- Task details -
The entries are to be reproduced verbatim, with all pictures omitted.

Short web captions:
-=-=-=-=-

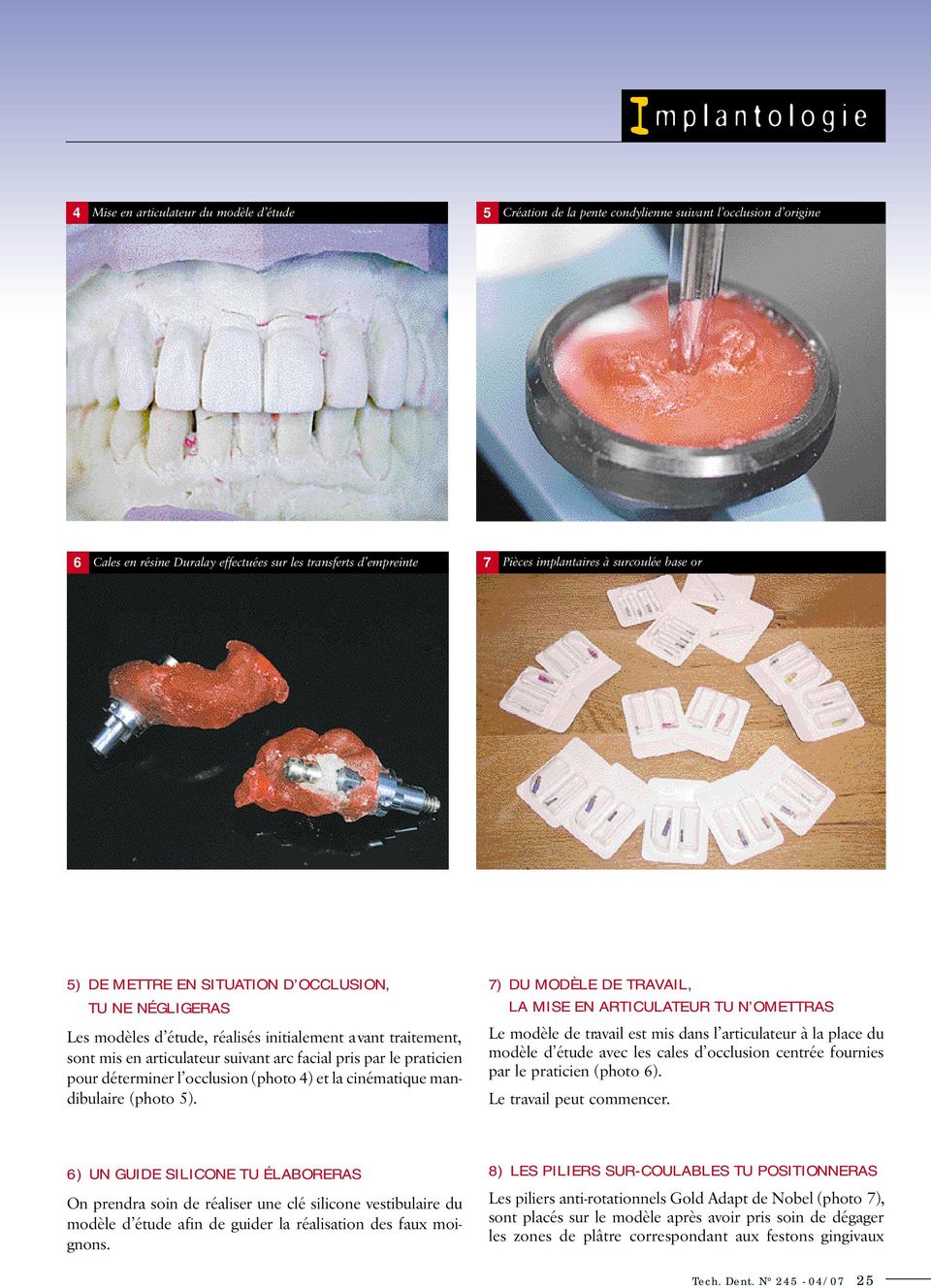 praticien pour déterminer l occlusion (photo 4) et la cinématique mandibulaire (photo 5).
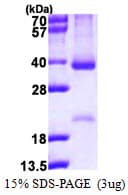 Human CCND2 / Cyclin D2 Protein (Recombinant His)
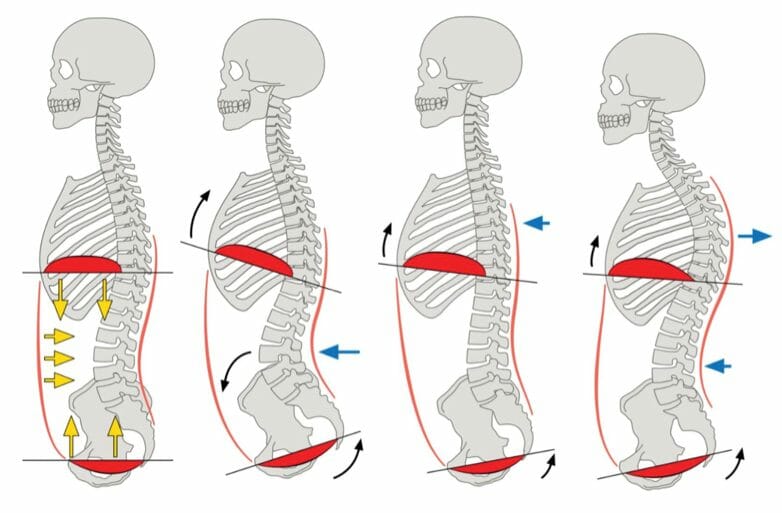 Creating The Foundation With Abdominal Bracing, PDF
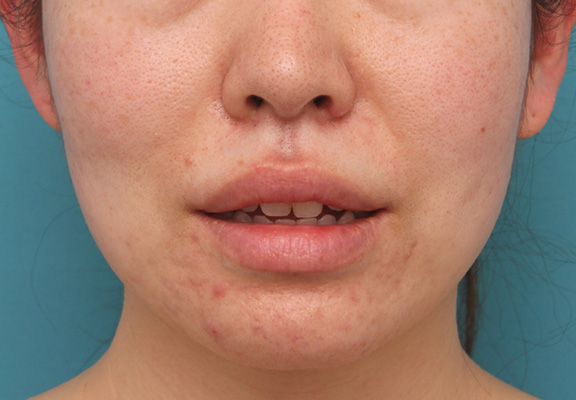 唇を薄く（口唇縮小術）,分厚い上下の唇を手術で薄くした症例写真,Before,ba_usuku012_b02.jpg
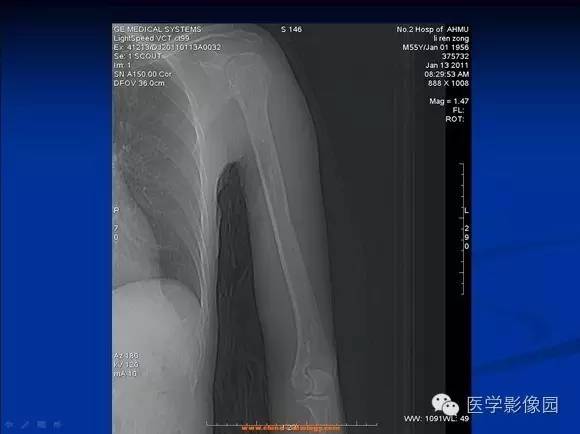 【病例】左肱骨骨纤维结构不良1例CT影像表现 【病例】左肱骨骨纤维结构不良1例CT影像表现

-=-=-=-=-

- Result of the exercise -
 praticien pour déterminer l occlusion (photo 4) et la cinématique mandibulaire (photo 5).
 Human CCND2 / Cyclin D2 Protein (Recombinant His)
 Creating The Foundation With Abdominal Bracing, PDF
 唇を薄く（口唇縮小術）,分厚い上下の唇を手術で薄くした症例写真,Before,ba_usuku012_b02.jpg
 【病例】左肱骨骨纤维结构不良1例CT影像表现 【病例】左肱骨骨纤维结构不良1例CT影像表现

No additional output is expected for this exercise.